## Work instructions
Your answer should be the lines below from the one with "BMW 5 E60 E61" to the one with "Women Imogene +", both included, given again exactly and with nothing added.

## Source records
────────────────────────────────────────

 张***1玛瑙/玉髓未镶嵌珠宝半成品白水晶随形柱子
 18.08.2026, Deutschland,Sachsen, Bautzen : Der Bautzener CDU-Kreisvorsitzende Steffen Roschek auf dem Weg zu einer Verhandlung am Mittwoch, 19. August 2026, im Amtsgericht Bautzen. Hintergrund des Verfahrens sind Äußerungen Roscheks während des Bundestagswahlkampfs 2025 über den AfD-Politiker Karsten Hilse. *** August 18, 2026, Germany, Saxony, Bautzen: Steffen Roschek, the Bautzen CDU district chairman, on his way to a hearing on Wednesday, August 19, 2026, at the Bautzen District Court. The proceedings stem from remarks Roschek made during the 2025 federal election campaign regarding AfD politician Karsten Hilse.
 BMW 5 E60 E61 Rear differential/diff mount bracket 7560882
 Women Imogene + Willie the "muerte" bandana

────────────────────────────────────────

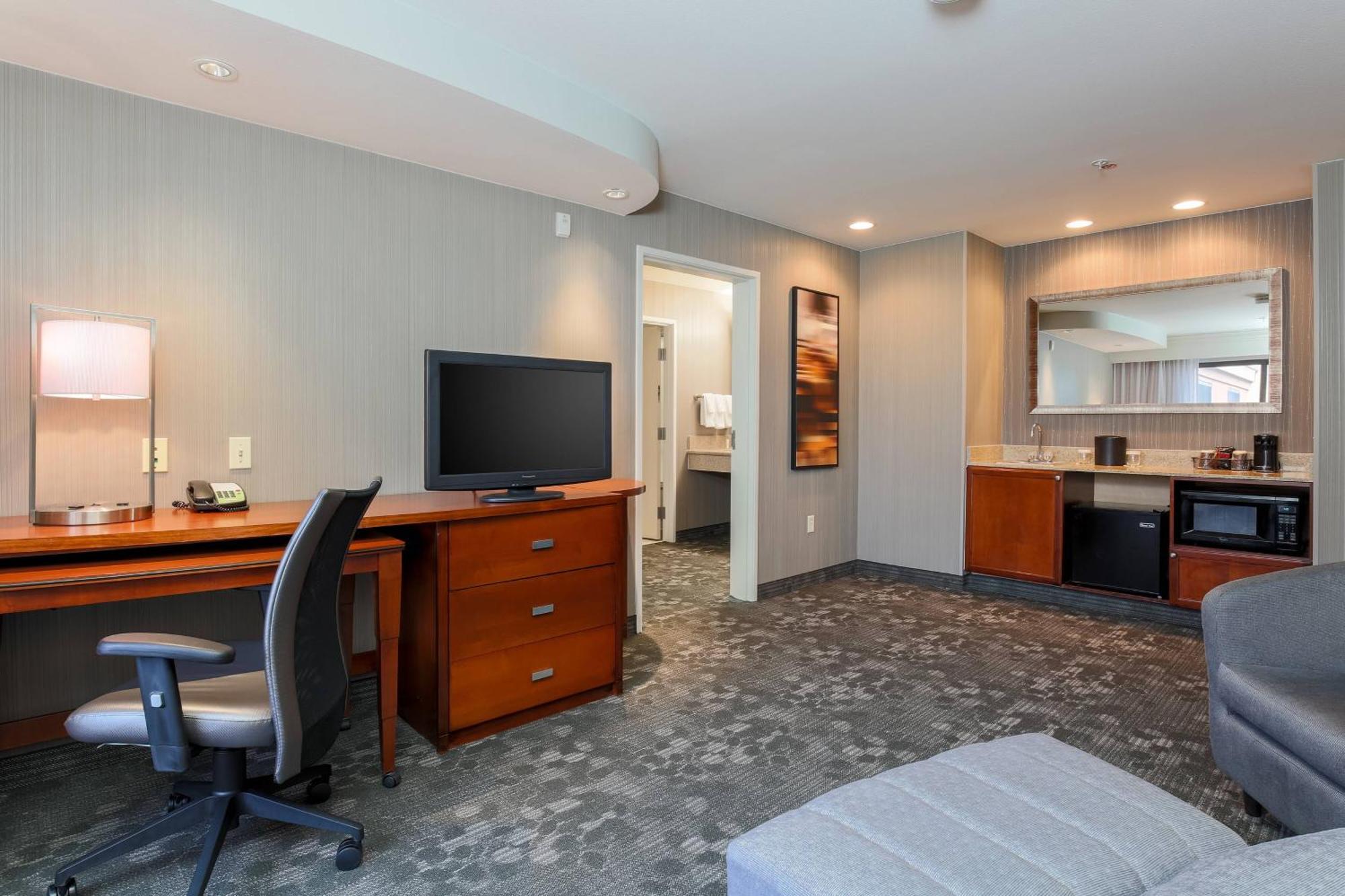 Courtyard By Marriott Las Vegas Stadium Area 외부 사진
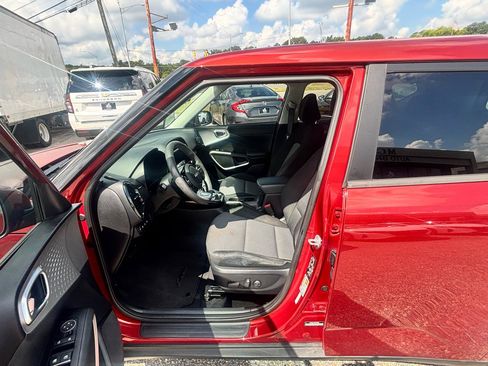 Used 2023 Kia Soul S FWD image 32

────────────────────────────────────────

## Answer for the task
 BMW 5 E60 E61 Rear differential/diff mount bracket 7560882
 Women Imogene + Willie the "muerte" bandana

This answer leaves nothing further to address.